I try very hard to make sure that historic preservation is close to the heart of Newburyport. And yet, here is the birthplace of historic preservation in community planning for the entire nation. Before we did it, the act of preserving architecture was in the realm of history buffs and the realm of specialists hoarding such treasures in house museums or in places like Sturbridge Village and Williamsburg, Virginia.
Now, as cries rise up for minimal human impact on the environment and in conserving energy, historic preservation sites such as Newburyport are now become the forefront of green technology. The devouring environmental demand of new construction and the filling of landfills with building waste will now be replaced by conservation of materials and reduction in the amount of energy required. Historic preservation is leading the way and homeowners who have struggled for years to preserve their places find themselves as leaders in conservation.
As the National Trust has put it, "…preservationists have valuable knowledge and experience to bring to the table. We know how to appropriately rehabilitate and retrofit buildings in ways that can conserve energy, create jobs and save tax dollars."
Newburyport started it all.
Now the rest of the country is following us.

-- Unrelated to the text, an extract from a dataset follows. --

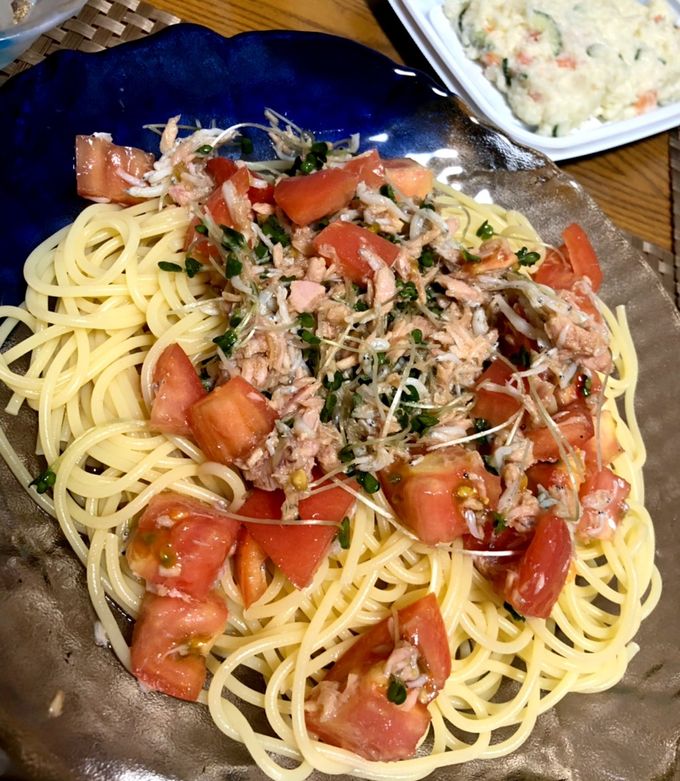 シーチキンとトマトの和風手抜きパスタ-レシピのメイン写真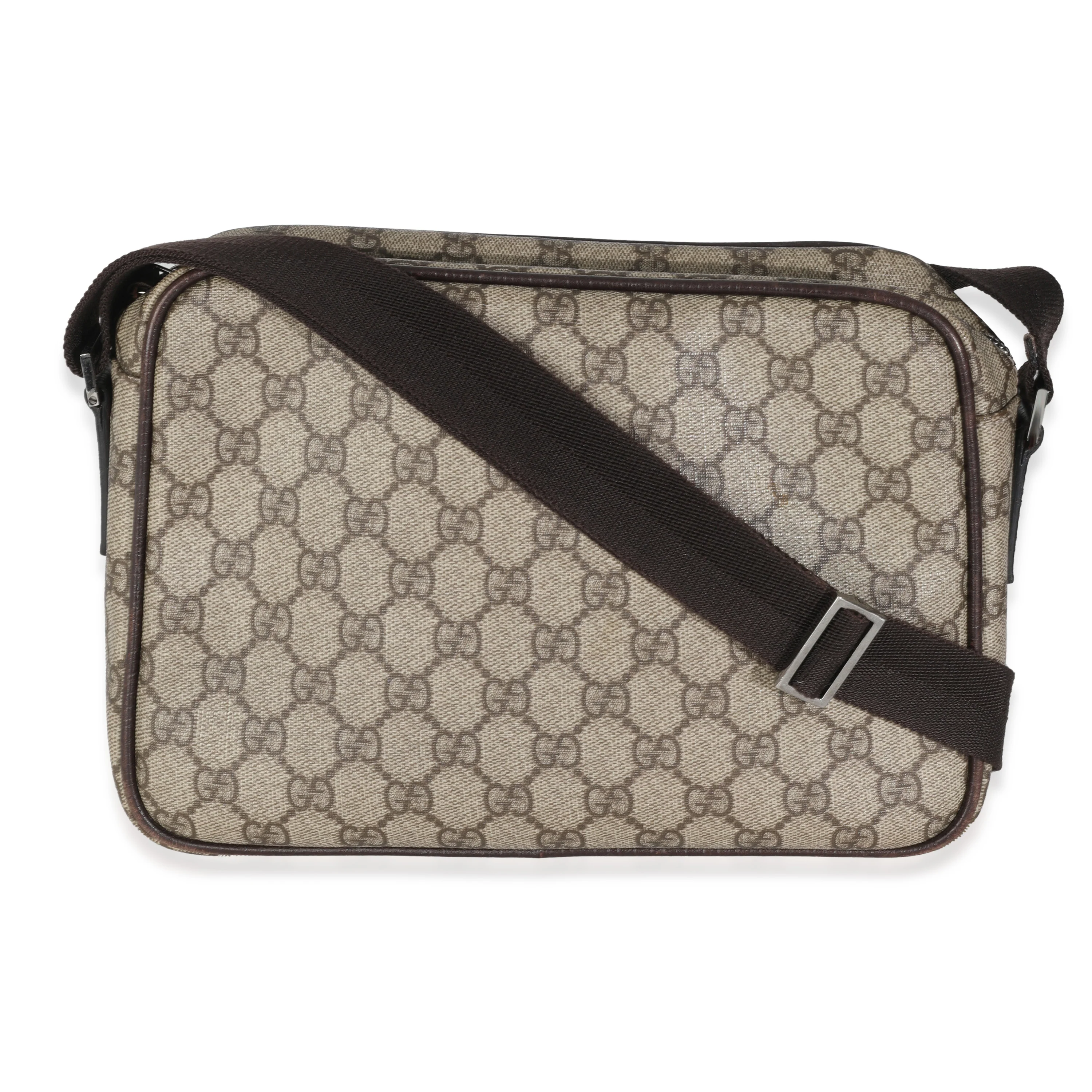 Beige GG Supreme Canvas Small Camera Messenger Bag - Image 4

"As a means of improving the quality of life in communities all over America, preservation is more widely embraced every day. Demolition of older structures is no longer the first option when redeveloping an area; rather, adaptive use is increasingly a viable, and profitable, choice. Countless downtowns in the country have been revitalized with preservation playing a lead role. [my italics] And growing numbers of people are traveling to American places that have maintained their character, that are authentic, that tell stories. We can all feel proud of this progress."-Richard Moe, President, National Trust of Historic Preservation
Newburyport can be very proud indeed.